The invention described and defined herein may be regarded as a development in the field of fluorogenic protease substrates. Consequently, certain techniques and materials which may be useful in the practice of the invention have not been described herein in detail, as these are already well known to the person skilled in this field. Reference may be made in particular to WO96/13607, which is incorporated herein by reference in its entirety and for all purposes. All techniques and materials described in WO96/13607 may also be used in the practice of the present invention, insofar as they are consistent with the definitions of the invention given herein.

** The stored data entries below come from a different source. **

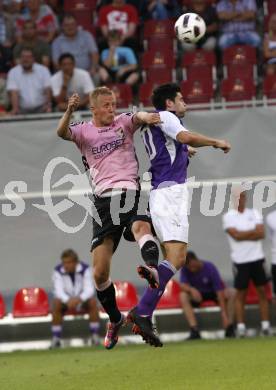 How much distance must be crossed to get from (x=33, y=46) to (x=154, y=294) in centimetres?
898

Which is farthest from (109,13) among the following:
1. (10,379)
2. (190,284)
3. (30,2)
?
(10,379)

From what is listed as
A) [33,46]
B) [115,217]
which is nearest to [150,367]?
[115,217]

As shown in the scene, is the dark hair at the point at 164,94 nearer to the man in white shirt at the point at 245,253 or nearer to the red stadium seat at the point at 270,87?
the man in white shirt at the point at 245,253

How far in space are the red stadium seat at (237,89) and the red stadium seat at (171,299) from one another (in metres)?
3.08

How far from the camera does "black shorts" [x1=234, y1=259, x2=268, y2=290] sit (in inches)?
620

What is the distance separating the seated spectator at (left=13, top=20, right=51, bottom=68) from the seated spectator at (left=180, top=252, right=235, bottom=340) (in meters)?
4.20

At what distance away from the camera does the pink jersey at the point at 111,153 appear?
9.90m

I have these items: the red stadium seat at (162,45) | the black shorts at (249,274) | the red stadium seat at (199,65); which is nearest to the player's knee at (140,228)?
the black shorts at (249,274)

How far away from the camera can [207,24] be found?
1792cm

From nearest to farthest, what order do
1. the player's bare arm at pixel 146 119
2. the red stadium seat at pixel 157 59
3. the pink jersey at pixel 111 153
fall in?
the player's bare arm at pixel 146 119 < the pink jersey at pixel 111 153 < the red stadium seat at pixel 157 59

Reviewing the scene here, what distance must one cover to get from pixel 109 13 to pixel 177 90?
8762 mm

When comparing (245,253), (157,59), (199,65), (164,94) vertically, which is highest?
→ (164,94)

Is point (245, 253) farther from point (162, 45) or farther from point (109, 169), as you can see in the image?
point (109, 169)

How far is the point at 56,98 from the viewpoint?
16891 millimetres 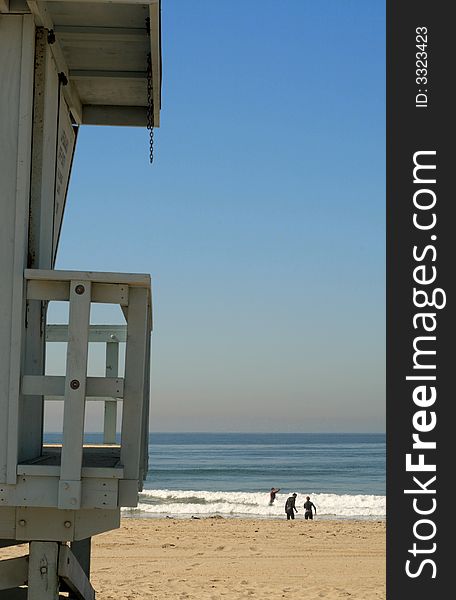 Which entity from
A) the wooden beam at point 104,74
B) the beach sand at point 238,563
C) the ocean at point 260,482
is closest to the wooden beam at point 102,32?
the wooden beam at point 104,74

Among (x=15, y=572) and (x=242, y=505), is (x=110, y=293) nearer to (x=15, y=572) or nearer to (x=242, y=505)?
(x=15, y=572)

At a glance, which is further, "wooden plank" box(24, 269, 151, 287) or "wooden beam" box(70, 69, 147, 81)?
"wooden beam" box(70, 69, 147, 81)

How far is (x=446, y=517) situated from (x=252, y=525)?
17998mm

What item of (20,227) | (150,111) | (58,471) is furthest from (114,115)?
(58,471)

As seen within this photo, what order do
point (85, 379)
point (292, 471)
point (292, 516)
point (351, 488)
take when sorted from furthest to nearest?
1. point (292, 471)
2. point (351, 488)
3. point (292, 516)
4. point (85, 379)

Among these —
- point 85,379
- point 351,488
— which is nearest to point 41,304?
point 85,379

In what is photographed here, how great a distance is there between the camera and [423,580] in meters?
7.49

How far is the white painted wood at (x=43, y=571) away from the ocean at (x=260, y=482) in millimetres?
26908

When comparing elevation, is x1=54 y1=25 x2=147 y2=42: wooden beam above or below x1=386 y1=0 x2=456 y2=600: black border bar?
above

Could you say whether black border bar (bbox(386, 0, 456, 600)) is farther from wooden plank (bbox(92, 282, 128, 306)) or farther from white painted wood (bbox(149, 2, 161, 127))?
wooden plank (bbox(92, 282, 128, 306))

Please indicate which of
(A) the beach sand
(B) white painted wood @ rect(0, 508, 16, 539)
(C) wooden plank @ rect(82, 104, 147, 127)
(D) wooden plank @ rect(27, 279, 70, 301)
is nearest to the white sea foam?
(A) the beach sand

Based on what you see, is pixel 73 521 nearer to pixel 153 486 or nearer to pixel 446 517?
pixel 446 517

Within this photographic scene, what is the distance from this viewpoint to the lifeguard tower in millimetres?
4770

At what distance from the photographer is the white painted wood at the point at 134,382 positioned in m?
4.82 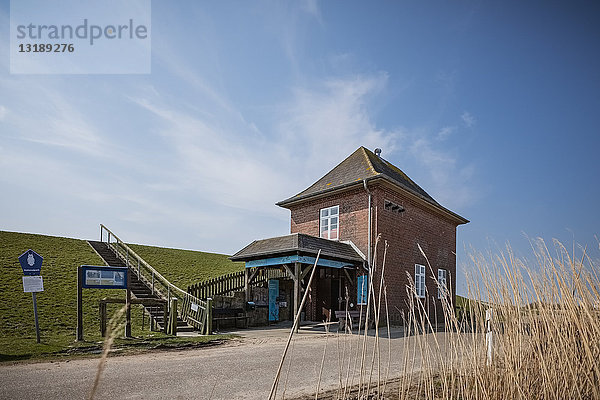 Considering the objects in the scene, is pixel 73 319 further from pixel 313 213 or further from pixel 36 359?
pixel 313 213

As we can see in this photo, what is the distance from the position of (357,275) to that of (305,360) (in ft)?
29.0

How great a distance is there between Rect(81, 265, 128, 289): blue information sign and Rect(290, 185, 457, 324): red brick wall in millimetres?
8380

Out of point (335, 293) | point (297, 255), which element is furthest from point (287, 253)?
point (335, 293)

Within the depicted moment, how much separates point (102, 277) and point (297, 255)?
5805mm

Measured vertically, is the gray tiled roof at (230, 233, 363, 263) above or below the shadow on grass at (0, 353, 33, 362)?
above

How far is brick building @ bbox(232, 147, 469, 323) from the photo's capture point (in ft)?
52.4

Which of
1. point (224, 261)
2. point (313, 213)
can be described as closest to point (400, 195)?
point (313, 213)

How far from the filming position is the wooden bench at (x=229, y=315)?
44.4 feet

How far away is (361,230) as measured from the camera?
16375 millimetres

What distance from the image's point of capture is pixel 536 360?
11.5 ft

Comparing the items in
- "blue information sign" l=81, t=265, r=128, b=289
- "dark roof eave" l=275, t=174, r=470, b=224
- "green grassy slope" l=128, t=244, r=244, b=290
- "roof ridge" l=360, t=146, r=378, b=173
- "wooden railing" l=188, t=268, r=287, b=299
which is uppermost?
"roof ridge" l=360, t=146, r=378, b=173

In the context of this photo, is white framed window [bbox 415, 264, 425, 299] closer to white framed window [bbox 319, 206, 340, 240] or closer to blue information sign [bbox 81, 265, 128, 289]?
white framed window [bbox 319, 206, 340, 240]

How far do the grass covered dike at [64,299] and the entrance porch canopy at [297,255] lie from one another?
12.7ft

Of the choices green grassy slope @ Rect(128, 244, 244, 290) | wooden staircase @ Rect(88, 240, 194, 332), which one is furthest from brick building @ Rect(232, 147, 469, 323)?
green grassy slope @ Rect(128, 244, 244, 290) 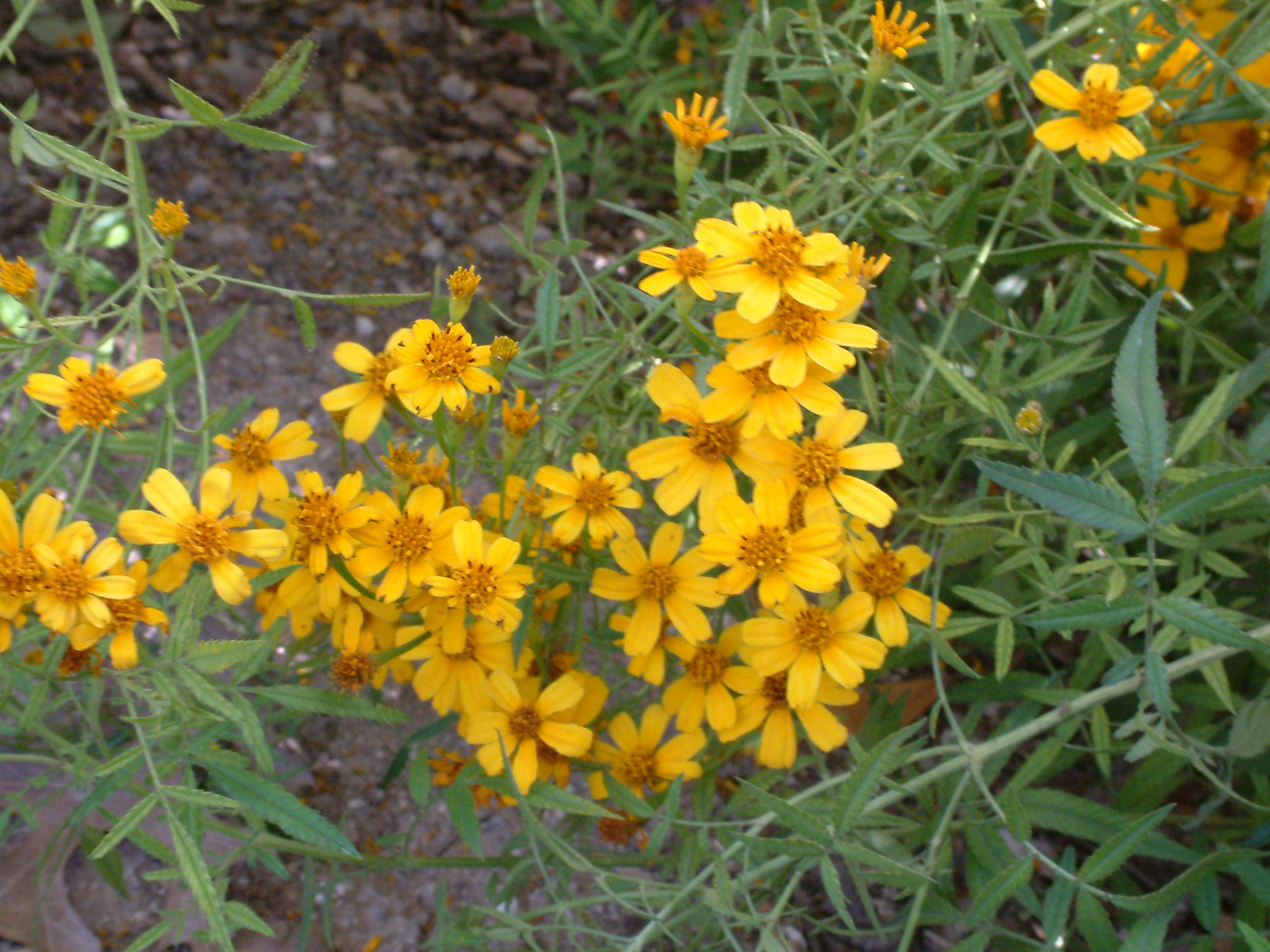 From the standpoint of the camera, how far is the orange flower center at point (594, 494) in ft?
3.64

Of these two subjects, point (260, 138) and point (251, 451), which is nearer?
point (260, 138)

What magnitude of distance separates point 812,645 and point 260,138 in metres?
0.74

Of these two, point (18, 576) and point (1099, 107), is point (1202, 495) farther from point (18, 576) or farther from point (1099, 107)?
point (18, 576)

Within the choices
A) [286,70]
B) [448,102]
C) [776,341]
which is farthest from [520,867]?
[448,102]

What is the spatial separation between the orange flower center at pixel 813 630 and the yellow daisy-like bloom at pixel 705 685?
11 centimetres

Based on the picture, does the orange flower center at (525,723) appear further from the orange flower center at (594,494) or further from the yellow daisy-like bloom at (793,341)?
the yellow daisy-like bloom at (793,341)

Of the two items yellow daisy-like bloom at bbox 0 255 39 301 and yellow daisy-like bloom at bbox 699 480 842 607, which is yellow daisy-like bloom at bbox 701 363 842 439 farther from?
yellow daisy-like bloom at bbox 0 255 39 301

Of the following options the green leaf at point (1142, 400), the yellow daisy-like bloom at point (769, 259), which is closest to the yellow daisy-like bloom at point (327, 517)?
the yellow daisy-like bloom at point (769, 259)

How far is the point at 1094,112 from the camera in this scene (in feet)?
4.11

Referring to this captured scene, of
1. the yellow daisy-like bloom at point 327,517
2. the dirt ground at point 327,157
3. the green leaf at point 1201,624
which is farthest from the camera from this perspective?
the dirt ground at point 327,157

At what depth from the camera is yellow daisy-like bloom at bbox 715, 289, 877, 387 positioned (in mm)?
982

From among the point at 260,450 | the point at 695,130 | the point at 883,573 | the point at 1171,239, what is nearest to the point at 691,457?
the point at 883,573

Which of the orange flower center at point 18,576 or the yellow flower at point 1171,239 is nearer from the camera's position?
the orange flower center at point 18,576

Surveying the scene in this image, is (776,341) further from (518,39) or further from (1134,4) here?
(518,39) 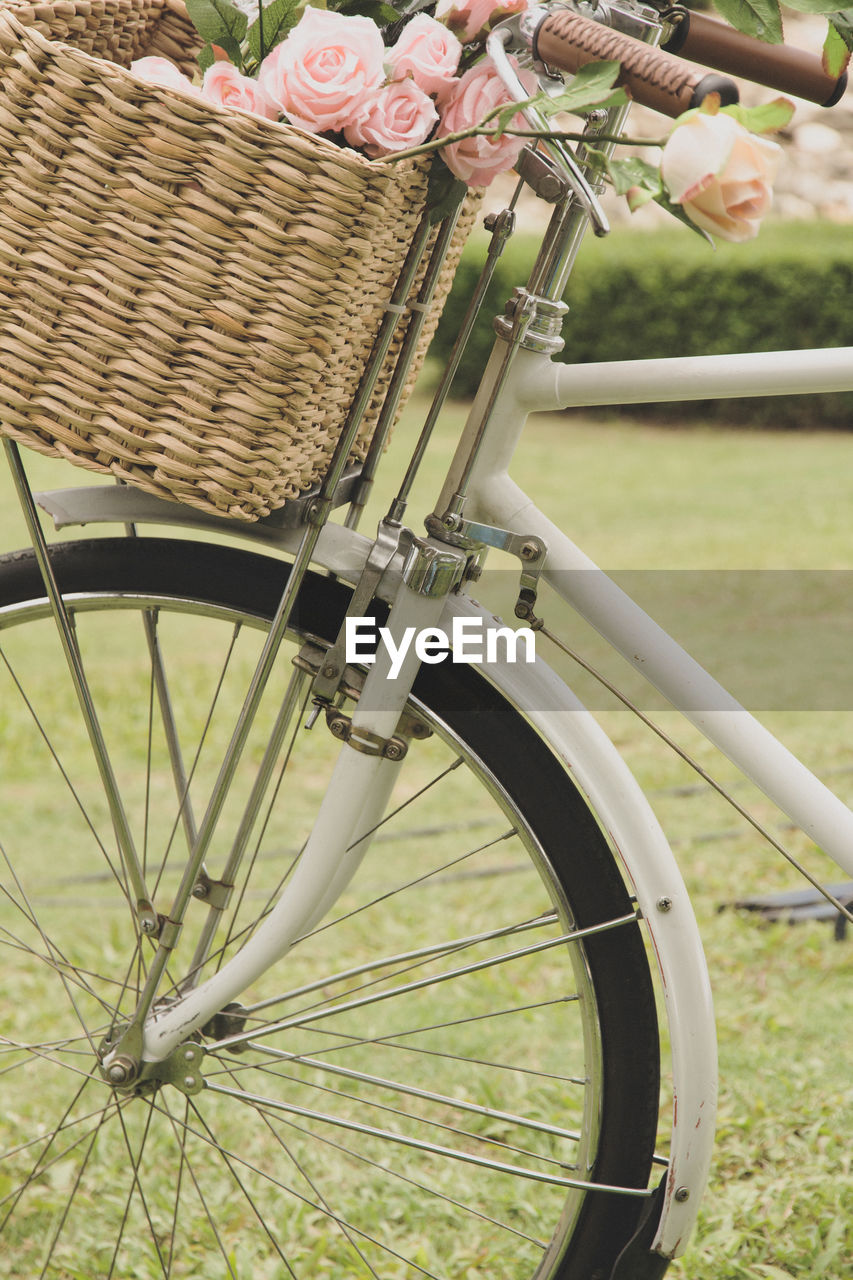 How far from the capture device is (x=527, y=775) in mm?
1168

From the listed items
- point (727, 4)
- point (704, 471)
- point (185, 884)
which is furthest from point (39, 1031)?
point (704, 471)

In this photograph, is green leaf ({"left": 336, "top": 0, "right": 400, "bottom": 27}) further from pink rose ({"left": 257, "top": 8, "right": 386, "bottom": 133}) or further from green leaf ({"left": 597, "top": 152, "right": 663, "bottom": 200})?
green leaf ({"left": 597, "top": 152, "right": 663, "bottom": 200})

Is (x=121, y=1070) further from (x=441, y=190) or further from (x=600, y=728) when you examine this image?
(x=441, y=190)

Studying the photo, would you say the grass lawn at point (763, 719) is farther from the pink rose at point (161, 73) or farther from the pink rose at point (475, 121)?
the pink rose at point (161, 73)

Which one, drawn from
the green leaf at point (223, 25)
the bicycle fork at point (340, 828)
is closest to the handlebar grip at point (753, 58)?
the green leaf at point (223, 25)

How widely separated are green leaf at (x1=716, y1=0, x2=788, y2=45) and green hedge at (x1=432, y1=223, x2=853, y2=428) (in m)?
6.27

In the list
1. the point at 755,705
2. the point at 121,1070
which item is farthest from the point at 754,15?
the point at 755,705

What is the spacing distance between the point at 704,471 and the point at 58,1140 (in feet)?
17.4

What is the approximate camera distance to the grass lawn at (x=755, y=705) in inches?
65.9

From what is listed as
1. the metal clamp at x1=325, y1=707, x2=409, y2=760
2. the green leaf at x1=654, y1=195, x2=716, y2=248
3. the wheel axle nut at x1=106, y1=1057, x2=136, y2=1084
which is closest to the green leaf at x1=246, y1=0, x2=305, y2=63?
the green leaf at x1=654, y1=195, x2=716, y2=248

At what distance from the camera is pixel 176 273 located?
36.7 inches

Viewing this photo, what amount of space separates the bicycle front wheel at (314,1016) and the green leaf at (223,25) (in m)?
0.45

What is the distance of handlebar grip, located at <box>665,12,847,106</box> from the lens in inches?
37.9

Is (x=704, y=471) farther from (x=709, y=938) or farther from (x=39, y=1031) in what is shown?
(x=39, y=1031) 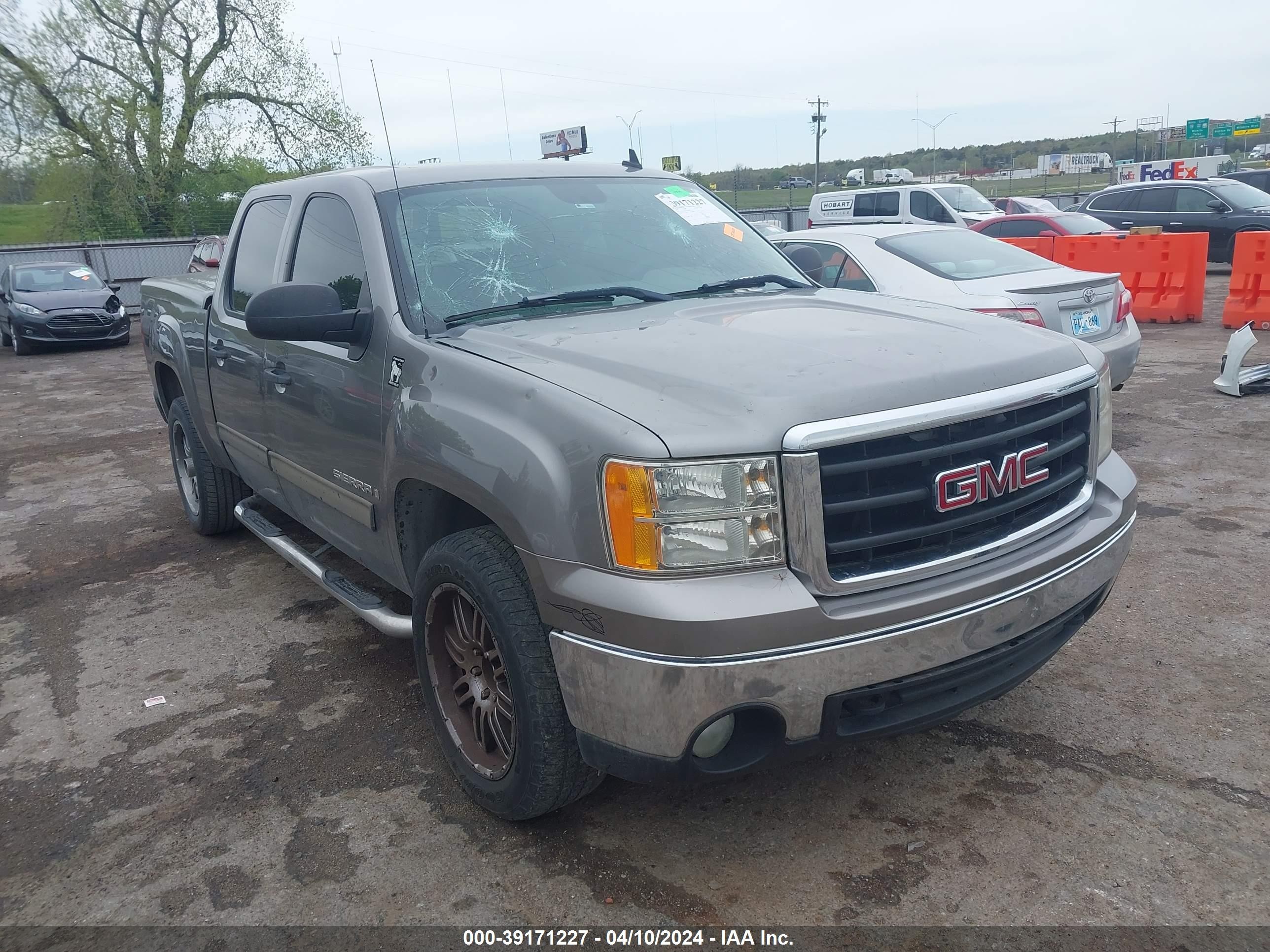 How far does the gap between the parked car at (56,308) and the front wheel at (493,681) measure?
16475 millimetres

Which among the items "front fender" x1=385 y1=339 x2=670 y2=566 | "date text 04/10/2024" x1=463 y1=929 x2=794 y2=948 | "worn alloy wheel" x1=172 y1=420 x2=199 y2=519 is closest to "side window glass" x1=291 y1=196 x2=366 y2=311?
"front fender" x1=385 y1=339 x2=670 y2=566

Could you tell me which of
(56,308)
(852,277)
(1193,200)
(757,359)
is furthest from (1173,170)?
(757,359)

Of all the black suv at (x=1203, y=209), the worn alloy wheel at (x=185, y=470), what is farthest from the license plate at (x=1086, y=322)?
the black suv at (x=1203, y=209)

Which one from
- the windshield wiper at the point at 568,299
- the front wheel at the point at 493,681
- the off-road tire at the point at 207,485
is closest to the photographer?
the front wheel at the point at 493,681

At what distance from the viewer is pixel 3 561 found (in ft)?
18.6

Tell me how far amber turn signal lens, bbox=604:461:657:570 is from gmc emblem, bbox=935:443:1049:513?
2.38 feet

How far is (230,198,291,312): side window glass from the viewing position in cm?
422

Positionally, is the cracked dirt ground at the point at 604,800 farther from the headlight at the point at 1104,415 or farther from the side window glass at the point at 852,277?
the side window glass at the point at 852,277

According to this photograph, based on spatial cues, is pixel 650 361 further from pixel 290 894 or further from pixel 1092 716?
pixel 1092 716

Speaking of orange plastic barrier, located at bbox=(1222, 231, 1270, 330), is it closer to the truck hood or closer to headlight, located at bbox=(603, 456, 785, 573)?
the truck hood

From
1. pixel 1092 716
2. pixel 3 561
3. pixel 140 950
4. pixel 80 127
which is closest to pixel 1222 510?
pixel 1092 716

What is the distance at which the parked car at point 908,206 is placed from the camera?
1814 centimetres

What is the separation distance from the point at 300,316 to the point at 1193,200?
1806 centimetres

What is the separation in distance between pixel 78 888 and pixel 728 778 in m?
1.82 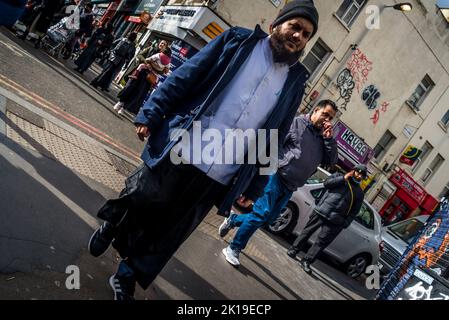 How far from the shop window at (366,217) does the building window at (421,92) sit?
14.5 metres

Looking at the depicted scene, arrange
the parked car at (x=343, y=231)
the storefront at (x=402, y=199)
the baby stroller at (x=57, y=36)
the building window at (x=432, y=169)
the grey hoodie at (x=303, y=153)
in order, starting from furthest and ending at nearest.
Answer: the building window at (x=432, y=169)
the storefront at (x=402, y=199)
the baby stroller at (x=57, y=36)
the parked car at (x=343, y=231)
the grey hoodie at (x=303, y=153)

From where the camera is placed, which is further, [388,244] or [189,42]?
[189,42]

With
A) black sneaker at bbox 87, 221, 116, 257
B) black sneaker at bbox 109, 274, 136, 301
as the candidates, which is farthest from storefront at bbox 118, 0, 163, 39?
black sneaker at bbox 109, 274, 136, 301

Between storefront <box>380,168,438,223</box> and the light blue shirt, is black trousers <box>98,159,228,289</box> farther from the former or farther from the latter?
storefront <box>380,168,438,223</box>

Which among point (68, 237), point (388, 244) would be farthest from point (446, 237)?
point (388, 244)

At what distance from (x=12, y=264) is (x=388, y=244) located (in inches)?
315

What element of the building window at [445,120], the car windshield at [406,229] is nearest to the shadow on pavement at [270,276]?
the car windshield at [406,229]

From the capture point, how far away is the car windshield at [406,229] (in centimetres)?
968

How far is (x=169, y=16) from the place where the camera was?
1820 centimetres

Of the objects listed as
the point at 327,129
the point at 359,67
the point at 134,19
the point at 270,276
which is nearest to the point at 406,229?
the point at 270,276

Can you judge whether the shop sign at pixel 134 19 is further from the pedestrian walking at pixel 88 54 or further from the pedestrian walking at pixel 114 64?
the pedestrian walking at pixel 114 64

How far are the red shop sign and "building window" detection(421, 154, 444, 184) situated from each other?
3.55 feet

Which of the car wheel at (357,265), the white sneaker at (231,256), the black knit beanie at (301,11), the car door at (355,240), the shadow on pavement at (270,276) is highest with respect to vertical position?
the black knit beanie at (301,11)

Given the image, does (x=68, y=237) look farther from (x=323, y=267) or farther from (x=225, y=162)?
(x=323, y=267) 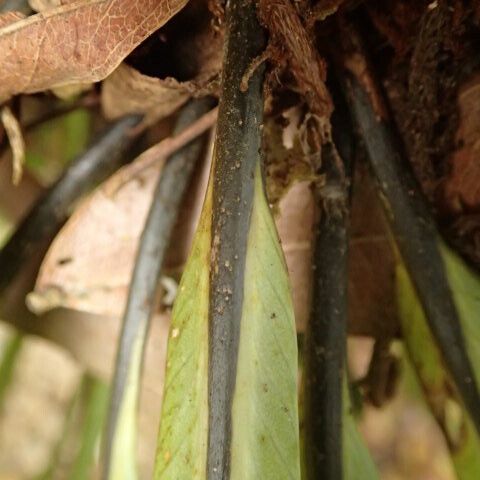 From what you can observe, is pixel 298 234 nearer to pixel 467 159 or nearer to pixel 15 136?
pixel 467 159

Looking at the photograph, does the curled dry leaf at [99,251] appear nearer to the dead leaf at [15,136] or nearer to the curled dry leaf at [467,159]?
the dead leaf at [15,136]

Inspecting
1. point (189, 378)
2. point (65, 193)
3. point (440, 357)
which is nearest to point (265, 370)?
point (189, 378)

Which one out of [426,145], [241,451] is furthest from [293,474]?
[426,145]

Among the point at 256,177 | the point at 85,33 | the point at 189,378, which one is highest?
the point at 85,33

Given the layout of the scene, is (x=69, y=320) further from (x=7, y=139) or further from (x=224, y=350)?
(x=224, y=350)

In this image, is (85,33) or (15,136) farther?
(15,136)

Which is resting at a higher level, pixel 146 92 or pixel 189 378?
pixel 146 92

In particular, the detection and/or measurement of fluorescence in the practice of the present invention may be conducted as described in WO96/13607, e.g. using a fluorometer or fluorescence microscope.

The term “peptide”, as used herein, is primarily intended to mean a molecule having a plurality of naturally occurring L-amino acids, linked by peptide bonds. However, the invention is not so limited, and may also extend to molecules having one or more D-amino acids (alone, or in combination with one or more L-amino acids), particularly at positions other than those adjacent to the scissile peptide bond, or outside the protease recognition sequence. The invention may also extend to peptides including non-naturally occurring amino acids, such as α-aminoisobutryic acid, homoserine, methionine sulphoxide, methionine methylsulphonium, norleucine and hydroxyproline. Notably, norleucine may be used in place of methionine in naturally occurring protease recognition sequences, to eliminate the reactive oxidisable sulphur atom of methionine.

Moreover, the term “peptide” may also include amino acids linked otherwise than by peptide bonds, e.g. via ether linkages, particularly for bonds other than the scissile bond or bonds outside the protease recognition sequence.

The peptides of the invention may include terminal modifications, several examples of which are common in the art for various reasons, e.g. for convenience of synthesis; for example, the N-terminal amino acid may be acylated, e.g. acetylated; similarly, the C-terminal amino acid may be esterified or amidated. The presence or absence of such modification is unlikely to affect the fluorescent properties of the substrate.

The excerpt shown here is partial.